> _Supplied data_:
[Start of Attachment]

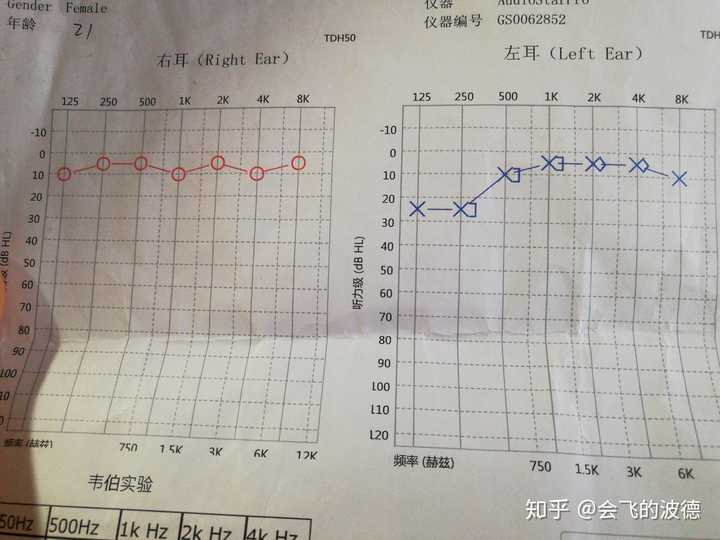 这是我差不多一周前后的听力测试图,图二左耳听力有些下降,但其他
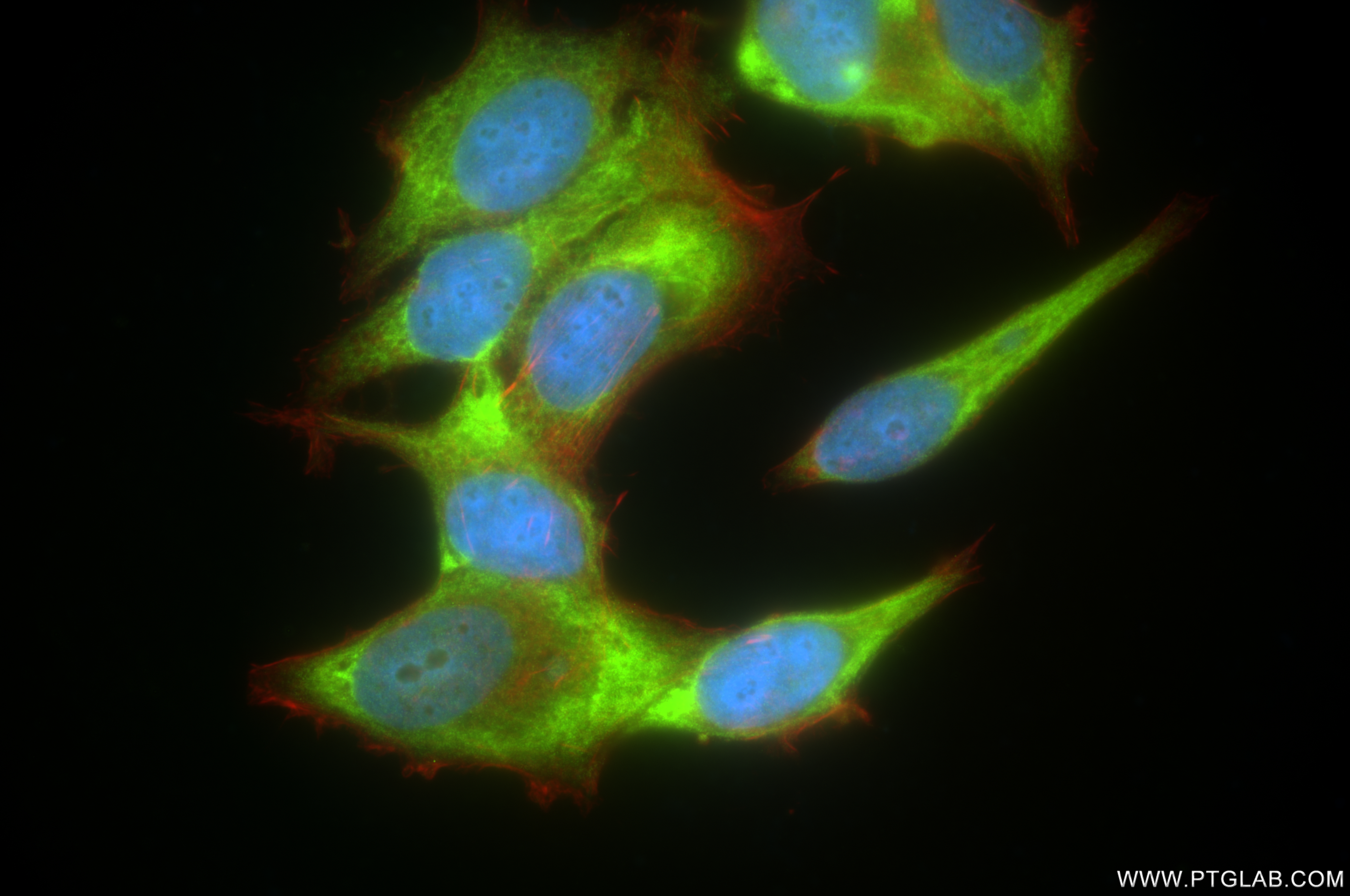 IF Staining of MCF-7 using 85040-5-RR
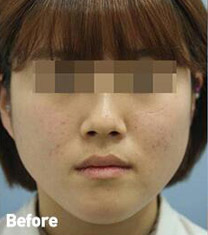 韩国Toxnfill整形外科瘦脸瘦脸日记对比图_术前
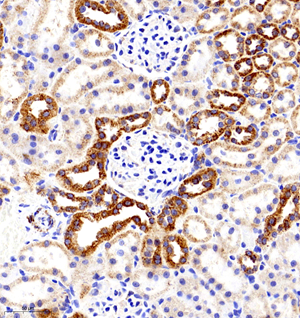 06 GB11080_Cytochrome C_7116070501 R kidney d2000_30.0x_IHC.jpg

[End of Attachment]
[Start of Attachment]

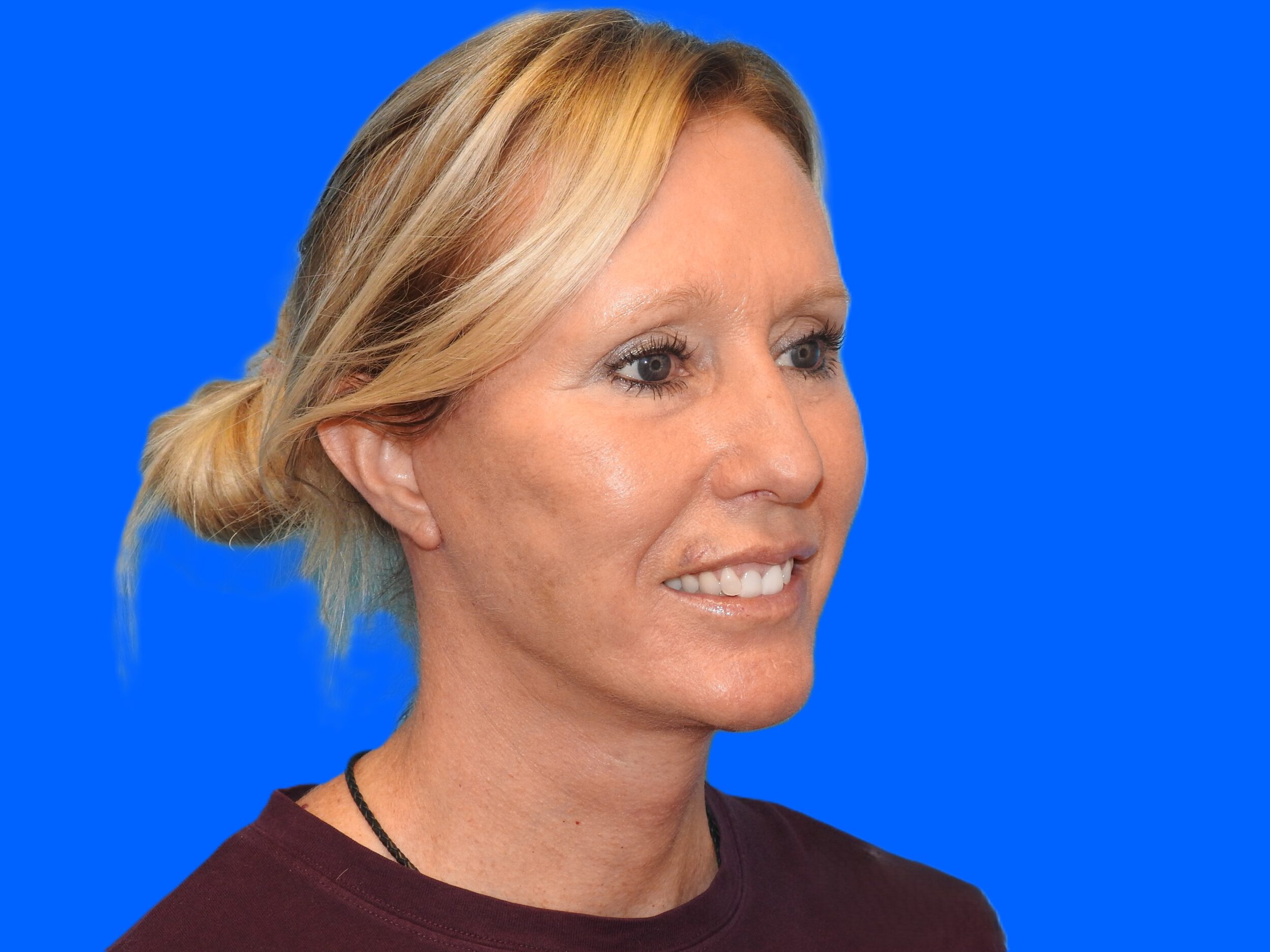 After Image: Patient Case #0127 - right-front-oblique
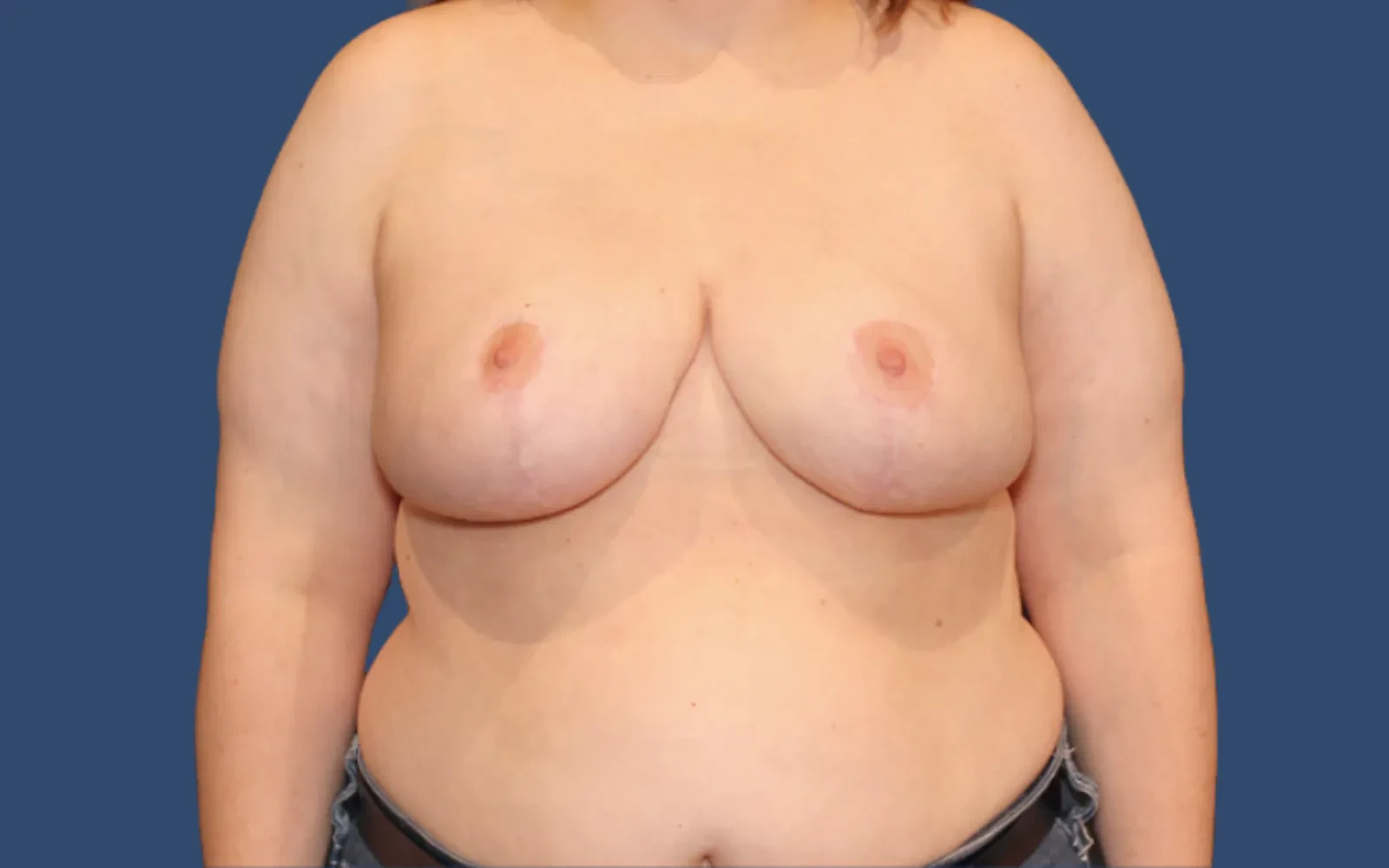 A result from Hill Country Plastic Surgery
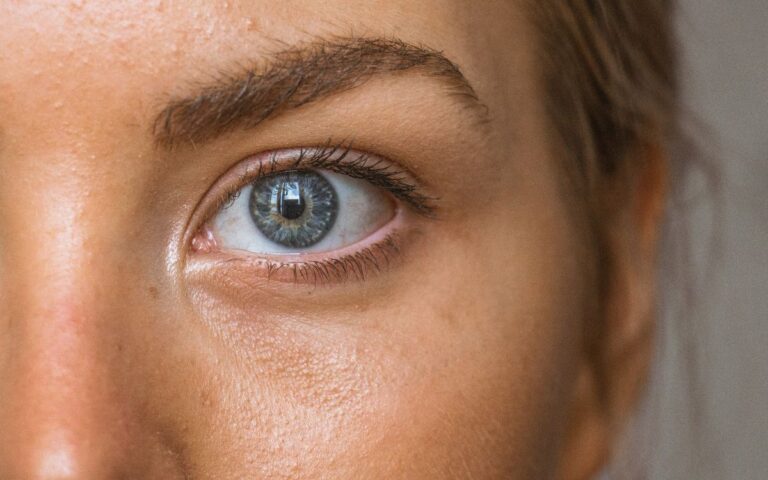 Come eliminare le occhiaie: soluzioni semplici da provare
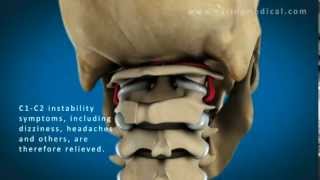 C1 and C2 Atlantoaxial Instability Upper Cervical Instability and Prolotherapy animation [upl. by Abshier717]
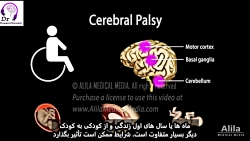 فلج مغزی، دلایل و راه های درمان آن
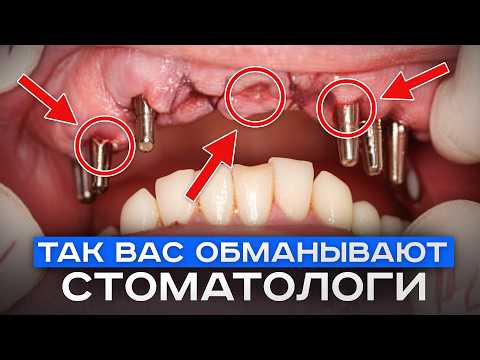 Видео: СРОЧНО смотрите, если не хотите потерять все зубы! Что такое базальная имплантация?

[End of Attachment]

> _Task objective_:
What should come back is an exact copy of the lines above from the line with "Come eliminare le" to the line with "Видео: СРОЧНО смотрите, если", both included, minus the pictures.

> _Reply to the exercise_:
 Come eliminare le occhiaie: soluzioni semplici da provare
 C1 and C2 Atlantoaxial Instability Upper Cervical Instability and Prolotherapy animation [upl. by Abshier717]
 فلج مغزی، دلایل و راه های درمان آن
 Видео: СРОЧНО смотрите, если не хотите потерять все зубы! Что такое базальная имплантация?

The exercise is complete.